The purpose of these scripts is to find matches between projects submitted to a Brainhack Global event and the participants in that event. For each participant and project, the algorithm generates a score based on the matches between a project's requirements (e.g. topic, required skills or tools) and the participant's skills, background and interests.

Once the result is generated, the Brainhack Global event organizers will be able to send participants an email with information about the projects that potentially fit them better within the context of the event.

To gather these data we recommend using the Brainhack Global Participant Registration Form provided by the Brainhack Global Organization as a convenience participant registration form.

Context

The tools assume that the projects submitted as issues to the https://github.com/brainhackorg/global2020 repository have been labelled correctly, meaning that they have been assigned to a given Brainhack Global event, that they have been already published to the website, and that they contain the appropriate labels concerning their topic and required skills and tools.

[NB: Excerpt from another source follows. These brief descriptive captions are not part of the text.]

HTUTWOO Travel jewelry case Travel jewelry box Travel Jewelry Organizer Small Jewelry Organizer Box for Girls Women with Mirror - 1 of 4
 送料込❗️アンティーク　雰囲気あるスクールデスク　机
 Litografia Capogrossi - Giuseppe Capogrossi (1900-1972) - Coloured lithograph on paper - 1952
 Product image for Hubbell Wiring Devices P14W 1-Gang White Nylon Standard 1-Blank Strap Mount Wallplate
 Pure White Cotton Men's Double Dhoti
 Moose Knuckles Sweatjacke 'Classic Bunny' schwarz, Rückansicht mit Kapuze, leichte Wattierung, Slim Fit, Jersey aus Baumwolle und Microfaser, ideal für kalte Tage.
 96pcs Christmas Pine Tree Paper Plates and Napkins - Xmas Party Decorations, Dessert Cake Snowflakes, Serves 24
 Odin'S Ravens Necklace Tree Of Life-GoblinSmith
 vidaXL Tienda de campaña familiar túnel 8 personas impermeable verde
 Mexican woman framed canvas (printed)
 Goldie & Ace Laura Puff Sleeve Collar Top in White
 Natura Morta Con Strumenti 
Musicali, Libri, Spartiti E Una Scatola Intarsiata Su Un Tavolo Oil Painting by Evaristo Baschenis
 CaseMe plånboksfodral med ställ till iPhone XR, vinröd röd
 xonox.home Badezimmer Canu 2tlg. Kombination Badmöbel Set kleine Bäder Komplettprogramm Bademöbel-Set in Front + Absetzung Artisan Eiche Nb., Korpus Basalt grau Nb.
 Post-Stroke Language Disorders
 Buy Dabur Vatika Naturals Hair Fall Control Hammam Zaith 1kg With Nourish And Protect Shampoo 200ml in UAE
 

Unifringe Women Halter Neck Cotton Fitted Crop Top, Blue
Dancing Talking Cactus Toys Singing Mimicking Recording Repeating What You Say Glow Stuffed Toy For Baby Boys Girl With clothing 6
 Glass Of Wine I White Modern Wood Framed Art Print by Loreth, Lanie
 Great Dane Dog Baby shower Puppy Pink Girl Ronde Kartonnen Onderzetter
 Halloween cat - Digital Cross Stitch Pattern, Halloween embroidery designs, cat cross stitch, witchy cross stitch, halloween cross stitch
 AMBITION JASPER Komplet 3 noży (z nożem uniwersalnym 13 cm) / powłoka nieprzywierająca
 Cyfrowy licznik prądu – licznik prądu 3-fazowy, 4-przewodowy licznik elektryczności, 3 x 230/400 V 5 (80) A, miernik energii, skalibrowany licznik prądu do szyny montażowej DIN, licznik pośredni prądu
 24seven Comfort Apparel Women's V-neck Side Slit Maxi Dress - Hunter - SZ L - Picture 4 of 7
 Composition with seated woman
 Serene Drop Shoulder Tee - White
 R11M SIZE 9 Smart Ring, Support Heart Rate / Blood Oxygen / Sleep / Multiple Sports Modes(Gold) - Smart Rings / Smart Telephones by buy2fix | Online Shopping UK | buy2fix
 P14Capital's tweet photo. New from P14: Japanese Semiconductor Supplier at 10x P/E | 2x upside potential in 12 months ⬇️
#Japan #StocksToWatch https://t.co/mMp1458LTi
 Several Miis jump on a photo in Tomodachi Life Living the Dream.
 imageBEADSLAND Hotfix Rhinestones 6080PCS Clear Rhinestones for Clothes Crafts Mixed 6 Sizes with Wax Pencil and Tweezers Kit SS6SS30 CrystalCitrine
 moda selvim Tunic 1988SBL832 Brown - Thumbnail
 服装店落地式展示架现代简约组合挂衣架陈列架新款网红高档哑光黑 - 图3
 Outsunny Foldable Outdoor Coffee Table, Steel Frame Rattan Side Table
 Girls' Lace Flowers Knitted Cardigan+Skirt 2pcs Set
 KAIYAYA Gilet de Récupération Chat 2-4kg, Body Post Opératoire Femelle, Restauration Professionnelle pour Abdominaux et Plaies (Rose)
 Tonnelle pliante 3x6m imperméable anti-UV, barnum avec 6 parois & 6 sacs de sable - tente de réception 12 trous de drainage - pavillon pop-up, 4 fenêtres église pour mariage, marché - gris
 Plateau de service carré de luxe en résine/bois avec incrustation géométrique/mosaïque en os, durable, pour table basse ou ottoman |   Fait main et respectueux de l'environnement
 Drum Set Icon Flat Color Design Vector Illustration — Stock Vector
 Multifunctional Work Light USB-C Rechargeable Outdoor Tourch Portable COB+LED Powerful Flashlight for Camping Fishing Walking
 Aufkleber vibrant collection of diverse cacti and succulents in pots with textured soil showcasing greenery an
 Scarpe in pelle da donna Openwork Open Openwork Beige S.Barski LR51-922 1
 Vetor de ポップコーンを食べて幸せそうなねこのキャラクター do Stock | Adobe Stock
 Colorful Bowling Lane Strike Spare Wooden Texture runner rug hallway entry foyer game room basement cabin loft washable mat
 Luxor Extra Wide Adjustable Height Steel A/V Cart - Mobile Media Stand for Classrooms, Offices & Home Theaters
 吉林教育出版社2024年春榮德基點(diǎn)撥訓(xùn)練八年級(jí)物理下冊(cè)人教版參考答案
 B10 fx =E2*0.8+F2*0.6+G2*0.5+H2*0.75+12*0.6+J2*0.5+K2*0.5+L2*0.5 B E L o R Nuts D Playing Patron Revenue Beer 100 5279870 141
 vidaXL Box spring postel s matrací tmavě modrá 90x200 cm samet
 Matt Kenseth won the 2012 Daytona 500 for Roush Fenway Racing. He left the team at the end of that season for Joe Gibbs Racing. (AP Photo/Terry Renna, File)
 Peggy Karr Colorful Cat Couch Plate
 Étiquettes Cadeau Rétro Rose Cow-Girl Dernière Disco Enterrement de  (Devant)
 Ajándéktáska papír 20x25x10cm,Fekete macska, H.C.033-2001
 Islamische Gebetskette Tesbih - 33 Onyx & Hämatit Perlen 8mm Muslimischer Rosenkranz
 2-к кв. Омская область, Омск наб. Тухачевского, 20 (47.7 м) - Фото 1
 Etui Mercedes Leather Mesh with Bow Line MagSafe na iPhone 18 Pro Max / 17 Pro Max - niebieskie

Similarly, it assumes that your Brainhack Global event participant data is available as a CSV file, and that for each participant it contains the data that will allow matching them to a project. That is, it will contain information about the participants' skills or background and interests.

Note that in order for the scripts to work, the relevant participant data needs to perfectly match the available labels in the project issues in the https://github.com/brainhackorg/global2020 repository.

The scoring method does not currently take into account the required level of expertise for a project, nor is the participant's desired project type taken into account. Similarly, the method assumes that, even if multiple git_skills labels may be present for a project, the involved skills are incremental, and hence, only the most demanding skill (according to the fixed scale/label values) is taken into account to compute the contribution of such category to the score for a given participant.

The scores are normalized to 1.

Requirements

Besides Python and the Python packages specified in setup.cfg, the tools assume that you have GitHub's command line tool installed.

Instructions

In order to obtain the project-participant matches, you will need to:

  1. Pull the project data locally, by calling the tools/pull_issues.sh script. The script will output a TSV file containing all relevant data from all existing projects in the https://github.com/brainhackorg/global2020 issues.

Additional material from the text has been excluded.